SheldonC
asked on
reading apaache logs
I am working on my computer project, I am not sure of the forum's position on aiding students with work. Its just that I am stuck on this question for a long time now and need to move forward since the deadline is approaching. I will upload the script I have thus far and the question I am trying to solve. If anyone can point me in the right direction I will be grateful.
Thanks
This is the question I am stuck at
4. Search Logs for mod_security-message which is access denied by mod_security
When Mod_Security identifies a problem with a request due to a security violation, it will do two things – 1) Add in some additional client request headers stating why mod_security is taking action, and 2) Log this data to the audit_log and error_log files. These error messages can be triggered by Mod_Security special checks such as the SecFilterCheckURLEncoding directive, basic filters such as “\.\.” to prevent directory traversals and advanced filters based on converted snort rules.

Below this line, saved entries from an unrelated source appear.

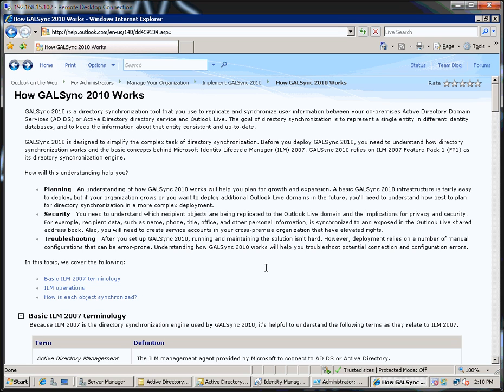Hi there, this is Jonny Chambers from Microsoft's US education team and in this demo I want to run through GALSync 2010 with Outlook Live.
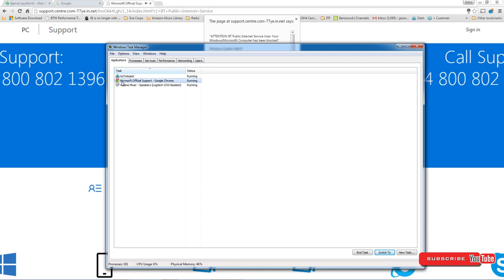That's the one you want to click on. Right click, go to process.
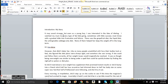So there you go guys, this is how to format your body text of your document. In the next video we are going to talk about how to ensure paragraphs and page breaks are set correctly. See you in the next video!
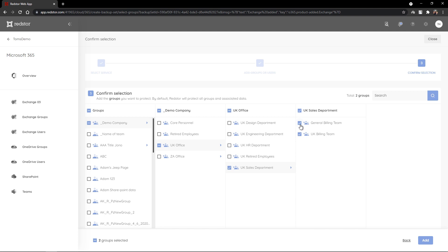If I select those two groups to protect, you'll see that a partial selection is indicated on the UK Office and Demo Company group to indicate that some groups are selected within but not all. If I'd just like to protect everything in the Demo Company group and its associated groups, I can use this option to select all.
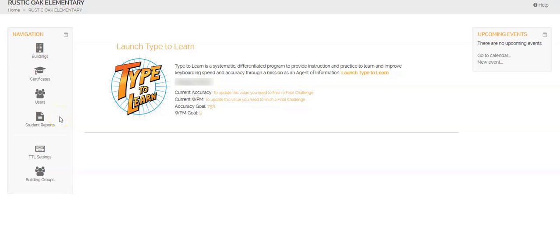Hey guys, I want to show you how you can run your teacher reports in Type2Learn.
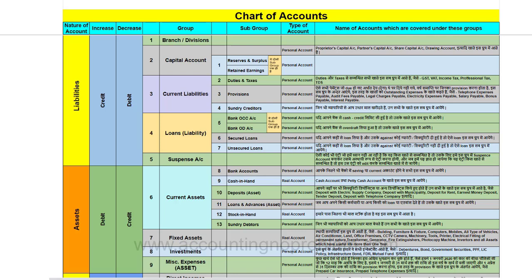Chart of accounts का PDF हमने इस वीडियो के नीचे दिया है, आप चाहें तो उसे download कर सकते हैं। Chart of accounts की सहायता से Tally में ledger कैसे बनाये जाते हैं, ये हम आपको अगली वीडियो में बताएंगे।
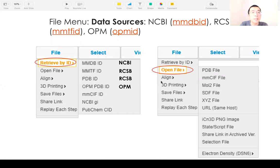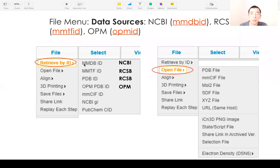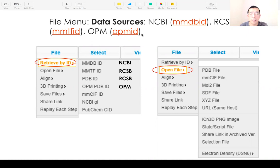iScene3D has a few menus. The first menu is the file menu. It shows different data sources. If you click 'Retrieve by ID', there is data from NCBI where you can define an MNDB ID, data from RCSB where you can use the MNTF ID or PDB ID, and data from OPM where you can use the OPM ID.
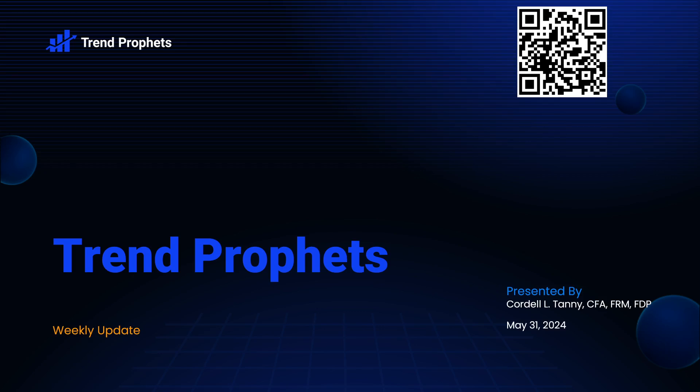Hi, everyone. Welcome to the Trend Profits weekly update for May 31st, 2024.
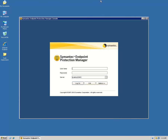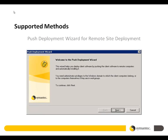The third method is Push Deployment Wizard for remote site deployment. By remote site I mean a site that does not have Symantec Endpoint Protection Manager installed. The required files can be located on the Symantec Endpoint Protection CD under the Tools folder, inside a folder called Push Deployment Wizard. If you don't have the CD, these files can also be found under the installed Symantec Endpoint Protection Manager directory.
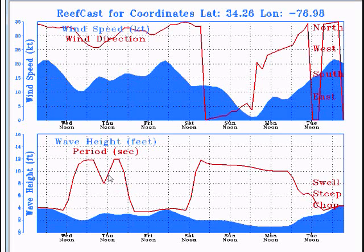So you can see it's going to get prettier as the day goes along. That's how you read ReefCast, exclusively from sst-offshore.com.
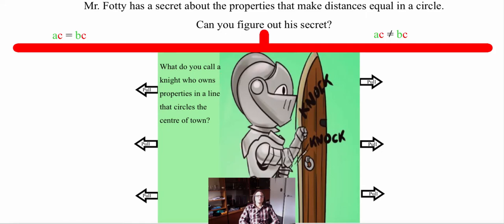In this video we are going to be learning about certain chord properties and how to apply them into interesting problems with circles. Let's start off with a little exploratory here for you to try and figure out a rule. Mr. Foti has a secret about the properties that make distances equal in a circle — can you figure out this rule?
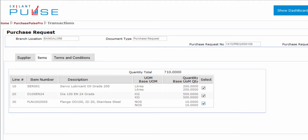To exclude an item, clear the selection. You can see the total quantity displayed above the table updates as you clear or select an item. This completes the action in the items tab.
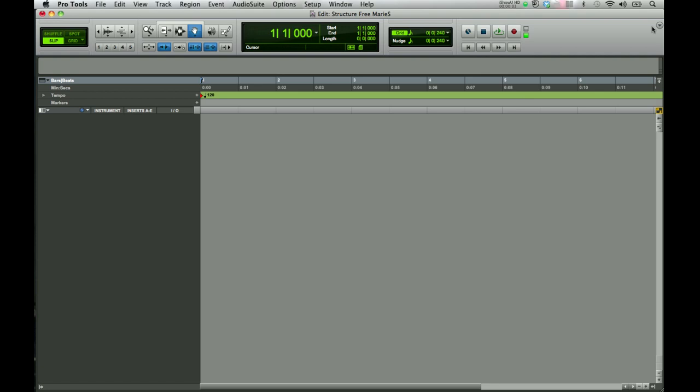This tutorial is about StructureFree, the sample player that's part of the Creative Collection in Pro Tools. Let's get started.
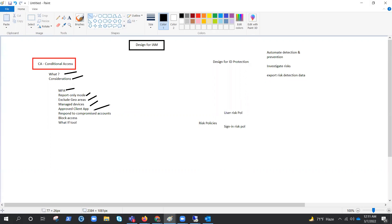Three default policies can be enabled by default in conditional access: require all users to register for MFA, require a password change for users who are at high risk, and require MFA for users with medium or high sign-in risk. Block access overrides all other assignments for a user and can block your entire organization from signing into your tenant. It can be used when migrating an app to Azure AD but you aren't ready for anyone to sign in, or to block certain network locations or legacy authentication apps.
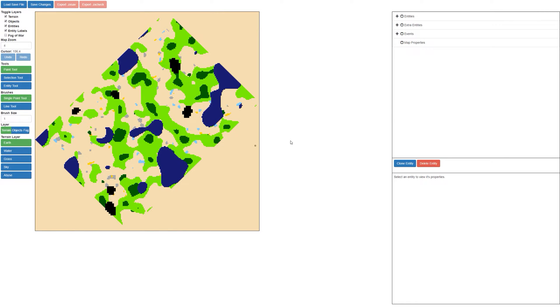Hi guys and welcome to today's dev vlog. We've added an amazing new feature today that I'm really excited for. If you look here on the left hand side, there's a brand new tool called the entity tool.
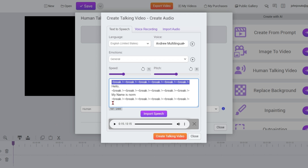And then at the very end, once he says my name is Norm, you have a couple of seconds — maybe three seconds at the end — where he's not saying anything. That allows me to then cut the video at the very end without cutting off the last word, which happens quite often. It sounds natural. And this solves a whole lot of headaches by being able to add in this break feature.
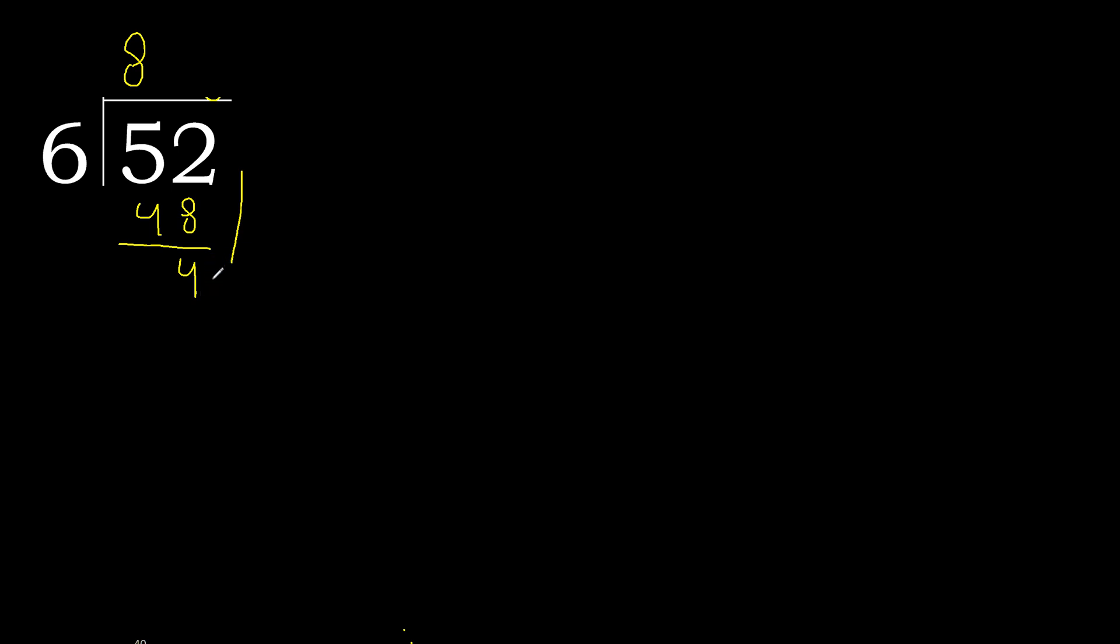Next, there is no more number, therefore we complete it. Always complete with 0, here with the decimal point.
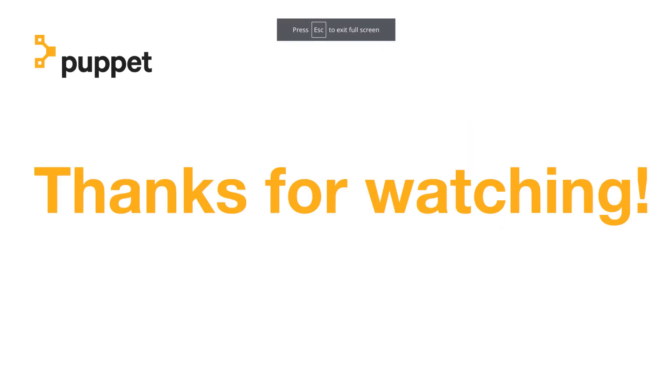I hope I was able to show you at least a little bit about why these are important and how to get started collecting and using them, and I thank you guys very much for watching this. Take care.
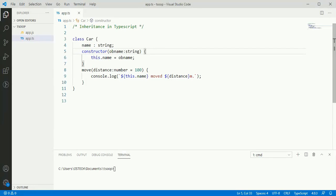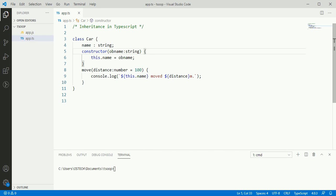In this video, we will understand inheritance in TypeScript. Inheritance is a most important feature in object-oriented programming. TypeScript supports inheritance. In TypeScript, we can use common object-oriented patterns. One of the most fundamental patterns in class-based programming is being able to extend existing class to create new one using inheritance.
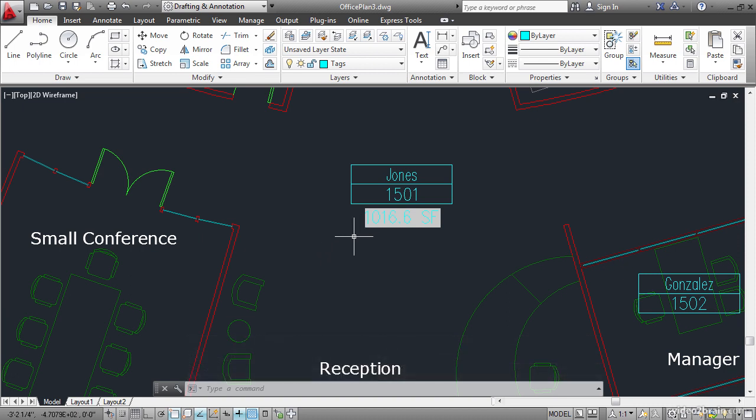We still have an accurate area value for this particular space. So you've learned how to create fields within single line text. And how to format the field to display relevant information. You've also seen how a field is automatically updated after drawing regeneration.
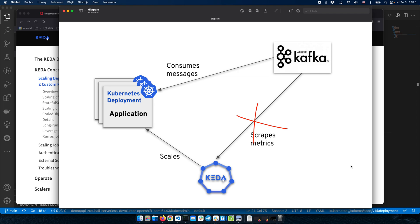In this video, we look at how to auto-scale applications with KEDA and use the fallback feature. Let's say we have an application consuming messages from a Kafka broker and KEDA successfully scales this application based on metrics from the Kafka broker. But what if we are not able to connect to the Kafka broker — there is some outage or something like that? In that case, we would like to scale our application to some reasonable number of replicas, and to achieve that, we can use the fallback feature.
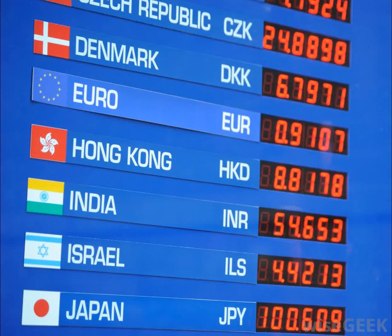Why do currency exchange rates change? Understanding how currency exchange rates work is important for businesses, investors, currency traders, and of course vacationers. But what causes currency exchange rates to fluctuate up and down? FX-101 breaks down the world of currency exchange, from the fundamental to the complex. Here are 10 factors that affect currency exchange rates.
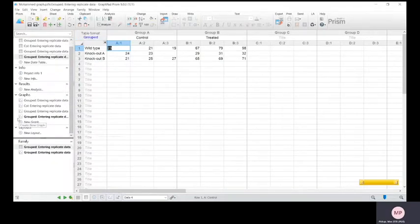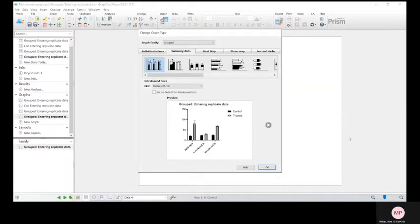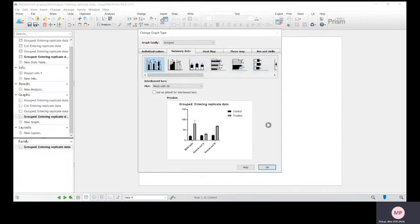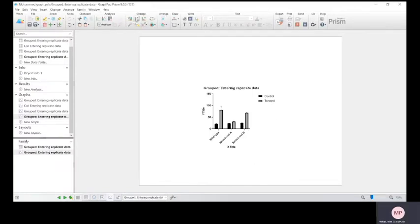If we open that, you can change the type of graph you want as well. This one's pretty standard for what we use. Just make it a bit bigger.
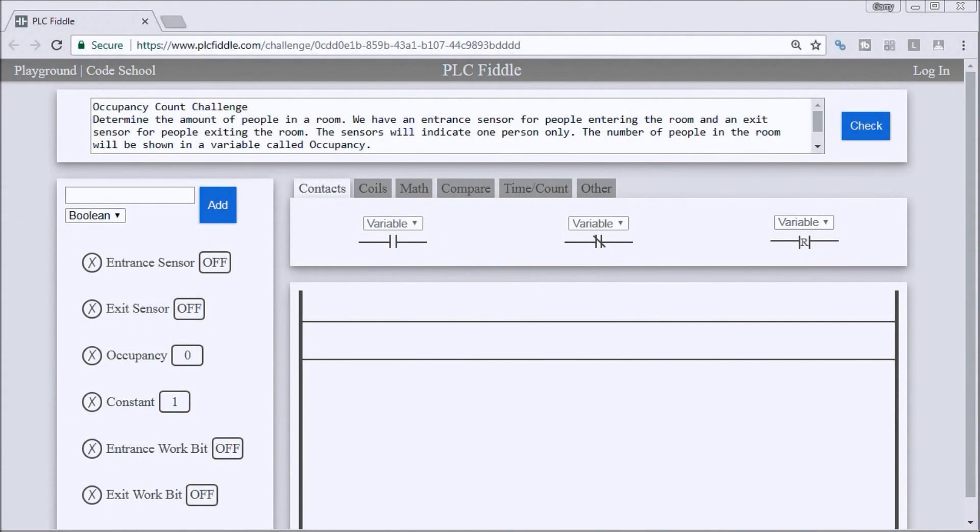Hi everyone, this is the PLC Fiddle Occupancy Count Challenge solution.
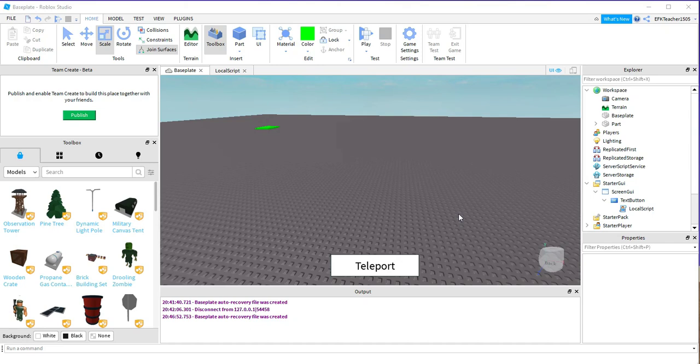Welcome back to another Roblox Studio tutorial. In this video, we're going to be creating a button that when you click on it, it teleports you to a different spot.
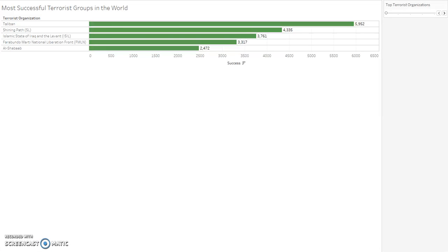Welcome to my data visualization final project. I'll be using the dataset of global terrorism collected from Kaggle, an open source data science website. I'm going to begin by talking about the most successful terrorist groups in the world, and then focus in on terrorism in the United States by attack type, weapon type, successful attacks, numbers killed in attacks, and the most lethal terrorist organizations.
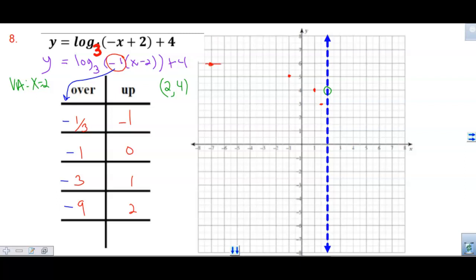I connect the points to form the curve. To verify: plugging in x equals negative seven — the opposite of negative seven is seven, plus two is nine, log base three of nine is two, plus four is six. That works. Remember, the over-and-up values are not actual plotted coordinates — 'over' means left or right, and 'up' means up or down. That is how we use transformations to graph logarithms without plugging in values to the equation.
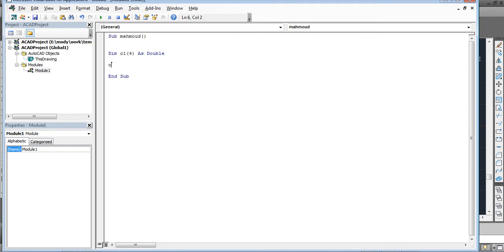To define an array in VBA, use Dim. For example: Dim O1. Then write the size — if it contains five elements you write O1(4) since indexing starts at zero. Then declare the type, such as Double. So: Dim O1(4) As Double. To assign values, write O1(0) = something, O1(1) = something, and so on.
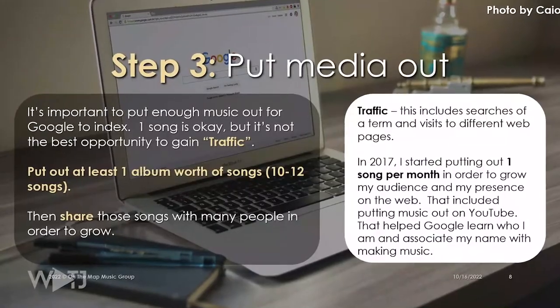You want to put some media out — at least an album's worth of songs — so you can start generating traffic. In 2017, I started releasing one song a month and built out a marketing plan to grow my audience and get Google to know who I was. The goal was to make myself discoverable on the internet, and it worked. I shared those songs as best I could in order to rise up the rank in Google.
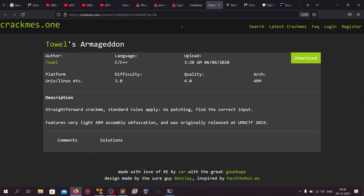Hello everyone, welcome back to REadventures. In today's video we will solve one crackme from the crackme.one wargaming site.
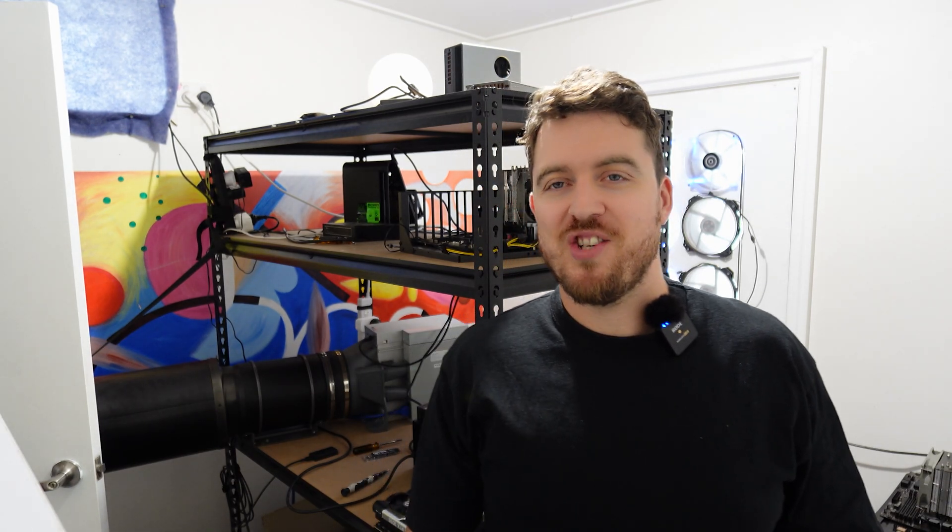What is up guys? Chris here, Bear Market Mining. Welcome back to the channel. So as you can see, we're here in the mining room again. And today we're talking about a few big changes that are coming to the mining farm.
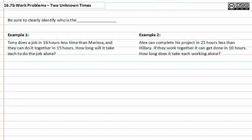As we continue to practice work problems, we are going to discuss two unknown times. When working with two unknown times, be sure to clearly identify who is the variable.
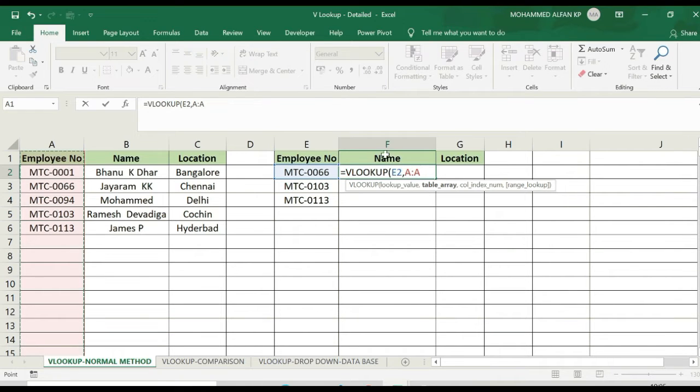The column index number — what is it? It is the name column, so the column index is 2.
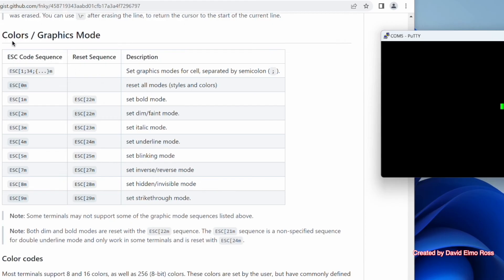Before we look at colors and graphics mode, let's put our cursor back to the top left corner. Right now it's at row 12, column 40. We want to go to row 1, column 1. So to do that, hit Escape, left square bracket, row 1, semicolon 1 for the column, capital H — and we're at the top left.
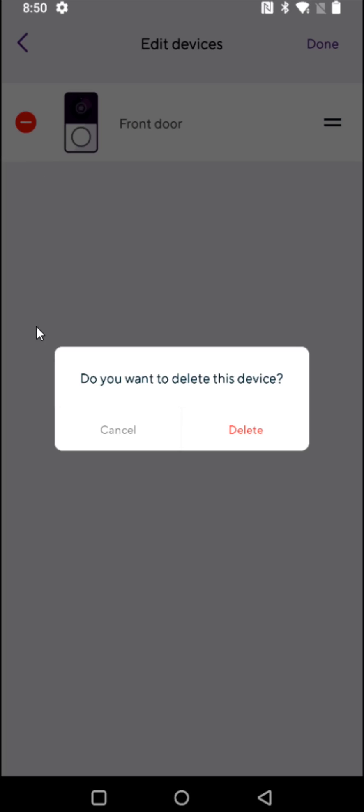Then the device that you'd like to reset or get rid of, you just click the minus sign next to that device and it will ask if you want to delete this device. At this point you can click on delete.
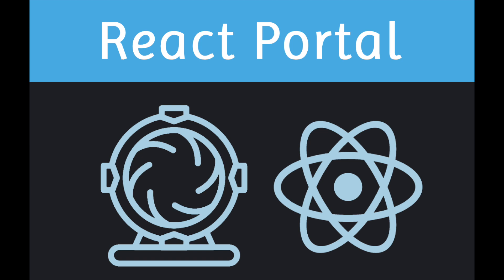Hello and welcome. My name is Amir and in this video we are going to take a look at the createPortal API. With this API we can render some children into a different part of the DOM. So let's go and see an example.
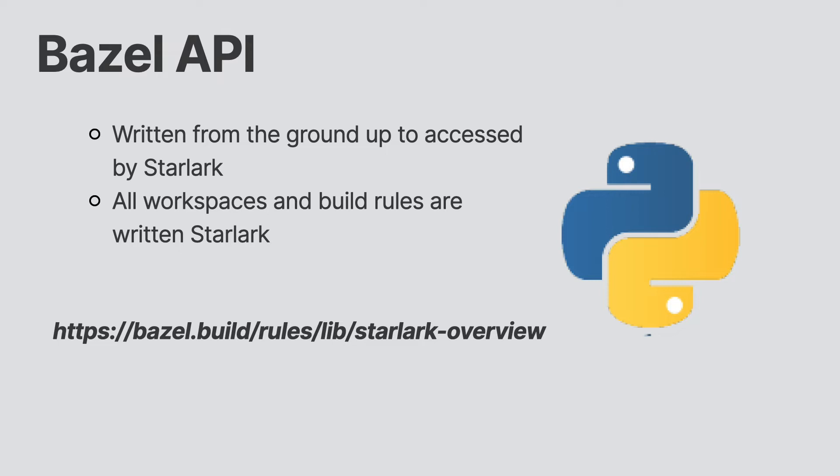For those of you who don't know Python, we'll write a little introductory code to get you comfortable. But later, you'll definitely need to get up to speed with the language to be productive with writing your build scripts in Bazel.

Search Logic: Search the audit_log entries that have the mod_security-message header, then sort the results, then only show unique entries with a total count of each type in reverse order from highest to lowest, then remove the mod_security-message data at the beginning of each line and list the Top 10 results.
Your output will be similar to:
1 51746 Pattern match "Basic" at HEADER.
2 6138 Pattern match "passwd\=" at THE_REQUEST.
3 5852 Pattern match "/search" at THE_REQUEST.
4 5368 Pattern match "passwd=" at THE_REQUEST.
5 4826 Pattern match "\.asp" at THE_REQUEST.
6 3694 Pattern match "login.icq.com" at THE_REQUEST.
7 1971 mod_security-message: Invalid character detected
8 1935 Pattern match "/smartsearch\.cgi" at THE_REQUEST.
9 1887 Pattern match "cmd\.exe" at THE_REQUEST.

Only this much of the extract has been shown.